One Hundred Sydney Health Workers Isolated

One Hundred Sydney Health Workers Isolated
NSW Chief Health officer Kerry Chant at a press conference in Homebush in Sydney, Australia on Aug. 17, 2020. (Brook Mitchell/Getty Images)
AAP
By AAP
9/7/2020
Updated:
9/8/2020

Health authorities are working to stem the impacts of a COVID-19 cluster emerging at two Sydney public hospitals, with more than a hundred workers in isolation waiting on test results.

There are four new COVID-19 cases in NSW—a returned overseas traveller and three healthcare workers at Sydney’s Concord Repatriation General Hospital and Liverpool Hospital.

The three healthcare workers were diagnosed during investigations into an emergency department doctor, reported on Sept. 5, who worked at the two hospitals while infectious.

Another case, a visitor to a hospital emergency department where the doctor worked or sought treatment, will be included in Sept. 8’s numbers, taking the cluster to five.

Patients considered close contacts and all staff at Concord and Liverpool EDs at the same times as the positive cases are being isolated and tested.

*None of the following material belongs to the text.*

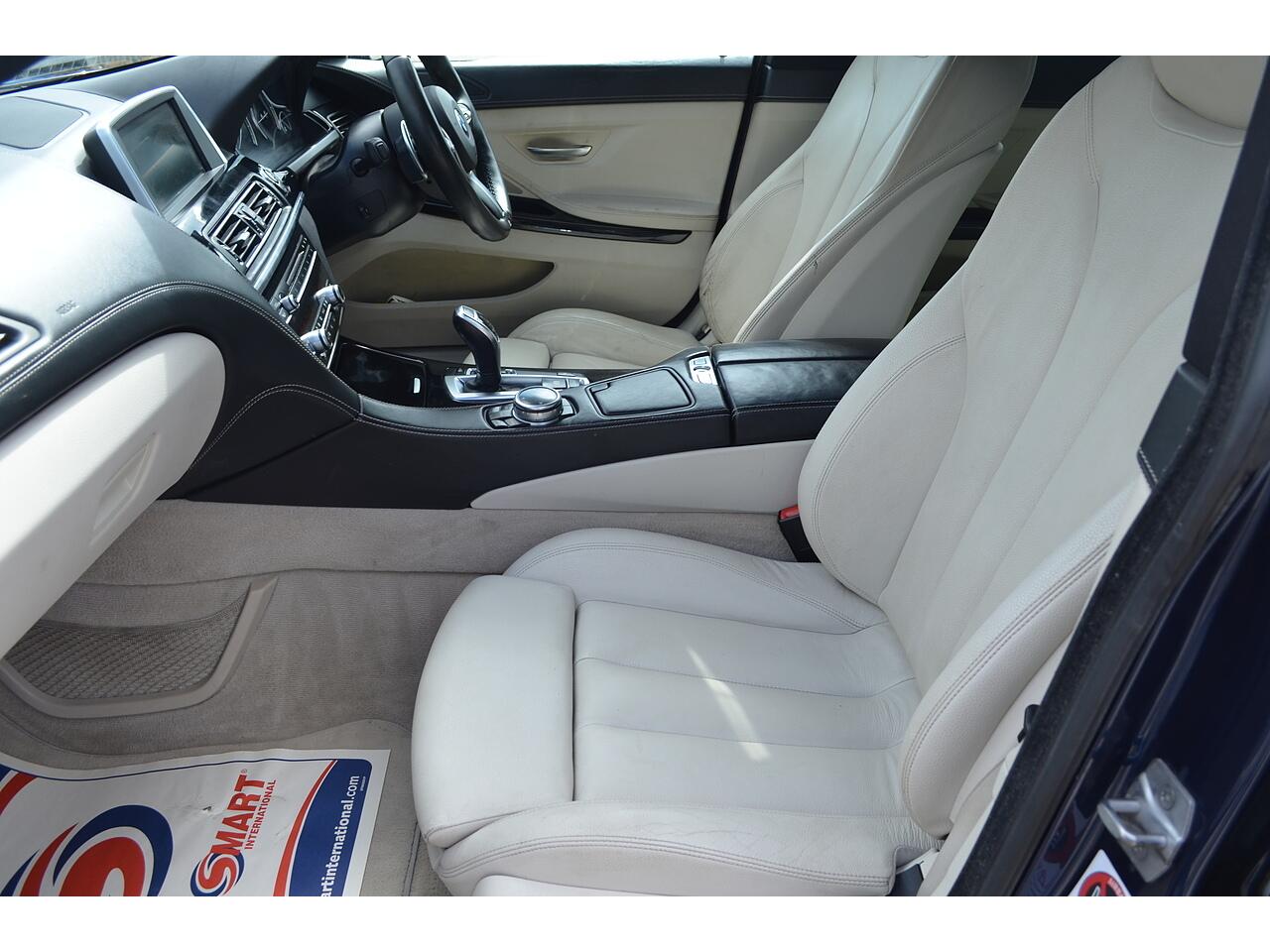 BMW 6 Series view 23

The three newly reported health workers say they had no symptoms while at work, and also wore personal protective equipment while caring for patients.

Chief Health Officer Kerry Chant said there was no evidence to suggest NSW hospitals weren’t operating safely and effectively, and urged people not to delay urgent care.

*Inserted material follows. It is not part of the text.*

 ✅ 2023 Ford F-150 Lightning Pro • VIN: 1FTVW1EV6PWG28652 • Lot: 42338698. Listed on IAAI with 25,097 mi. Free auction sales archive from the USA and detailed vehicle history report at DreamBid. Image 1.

Authorities suspect at least one of the new cases caught the virus while both parties were wearing masks.

“For some of the cases there isn’t that clear-cut direct contact without a surgical mask,”  Chant told reporters on Sept. 7.

“We are exploring avenues of whether there could be fomite transmission.

“What that means in lay terms is if your hands are contaminated, and then you’re touching computer screens or touching pens and pencils pieces of paper, can you actually transmit the virus?”

Meanwhile, Premier Gladys Berejiklian on Sept. 7 confirmed school formals and graduations would be allowed to go ahead in term 4, Despite a number of outbreaks in schools in recent months.